What exactly is Baupost's investment mandate?

Just finished reading Margins of Safety on a friend's recommendation and decided to do a quick research on Seth Klarman and The Baupost Group. I'm still quite unsure regarding what these guys can invest in. Their investment holdings include blue-chip names like Microsoft, distressed debt in Puerto Rico and Iceland, and real estate. If anyone has some thoughts on the following:

  1. Is there a typical style / strategy that you would categorise Baupost, i.e. event-driven, distressed, L/S, multi-strat? Any other hedge funds that invest in such a broad range of securities and asset class?

  2. Are investment analysts there generalists who conduct research on all asset classes or are they placed in a specialisation?

  3. How is the fund structured, in terms of PMs, platforms? Does everything go through Klarman?

Just curious to learn more about this topic, since this guy is definitely one of the smartest investors out there.

 
Best Response
  1. They are long-biased value investors that are agnostic with respect to asset class and geography. They invest in private and public markets, across equities, distressed corporate debt, structured credit, real estate, and derivatives.
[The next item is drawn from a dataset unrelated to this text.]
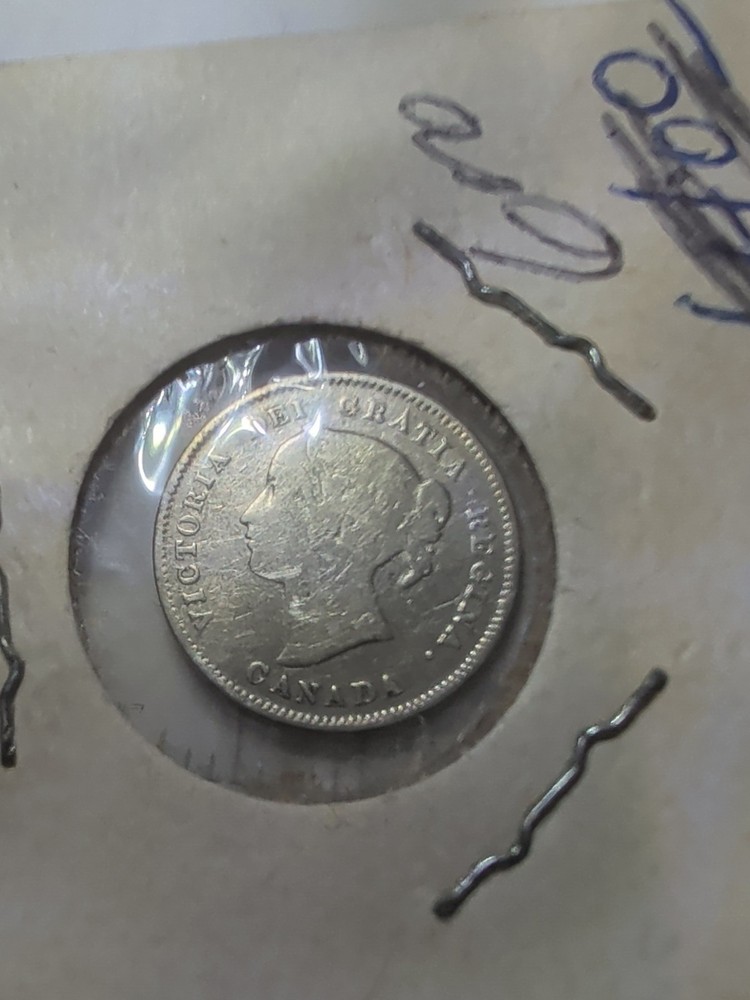 1897 CANADA SILVER 5 CENTS - Rough surfaces-CC10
The goal is to find investments with limited prospects for losing capital, that are likely to be 'misunderstood,' and making fairly concentrated bets. They also make certain highly asymmetric bets that can potentially be worth nothing, but have the potential for a large payout (think out-of-the-money interest rate options, CDS on subprime) There are definitely other HFs that invest in this way (including Baupost spin-offs, such as Abrams). Third Point and Appaloosa are similarly opportunistic, although each is different in its own way. Third Point does a lot more activism and short-selling, while Appaloosa might do more 'trading' and macro investments, for example. The general theme is to be opportunistic, concentrated, and look for great investments wherever possible.

  2. Analysts are split between public, private, real estate (possibly more) and generalist with respect to industry. Analysts are typically separated by 'opportunity' (spin-offs, distressed, etc.), not industry, I believe.

  3. Not sure, but there are people who head their different verticals (public, private, real estate, etc.) that function like PMs to an extent.

Rushed this a bit, so apologies in advance for grammar/typos.